Apart from that, peace reigned in our end of Miguel Street.

I wondered what Morgan was doing and thinking in all that solitude.

The following Sunday it rained heavily, and everyone was forced to go to bed early. The street was wet and glistening, and by eleven there was no noise save for the patter of the rain on the corrugated-iron roofs.

A short, sharp shout cracked through the street and got us up.

I could hear windows being flung open, and I heard people saying, ‘What happen? What happen?’

‘Is Morgan. Is Morgan. Something happening by Morgan.’
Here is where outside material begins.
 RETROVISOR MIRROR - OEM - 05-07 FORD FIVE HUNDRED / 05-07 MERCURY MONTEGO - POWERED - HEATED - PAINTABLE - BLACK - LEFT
I was already out in the street and in front of Morgan’s house. I never slept in pyjamas. I wasn’t in that class.

The first thing I saw in the darkness of Morgan’s yard was the figure of a woman hurrying away from the house to the back gate that opened on to the sewage trace between Miguel Street and Alfonso Street.

It was drizzling now, not very hard, and in no time at all quite a crowd had joined me.
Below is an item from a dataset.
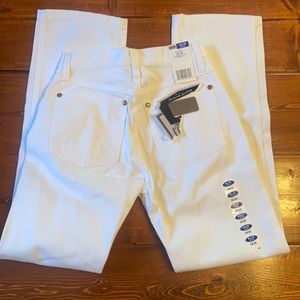 White Wrangler women’s slim fit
It was all a bit mysterious-the shout, the woman disappearing, the dark house.

Then we heard Mrs Morgan shouting, ‘Teresa Blake, Teresa Blake, what you doing with my man?’ It was a cry of great pain.

Mrs Bhakcu was at my side. ‘I always know about this Teresa, but I keep my mouth shut.’

Bhakcu said, ‘Yes, you know everything, like your mother.’

A light came on in the house.

Then it went off again.

We heard Mrs Morgan saying, ‘Why you fraid the light so for? Ain’t you is man? Put the light on, let we see the great big man you is.’

The light went on; then off again.

We heard Morgan’s voice, but it was so low we couldn’t make out what he was saying.

Mrs Morgan said, ‘Yes, hero.’ And the light came on again.

We heard Morgan mumbling again.

Mrs Morgan said, ‘No, hero.’

The light went off; then it went on.

Mrs Morgan was saying, ‘Leave the light on. Come, let we show the big big hero to the people in the street. Come, let we show them what man really make like. You is not a anti-man, you is real man. You ain’t only make ten children with me, you going to make more with somebody else.’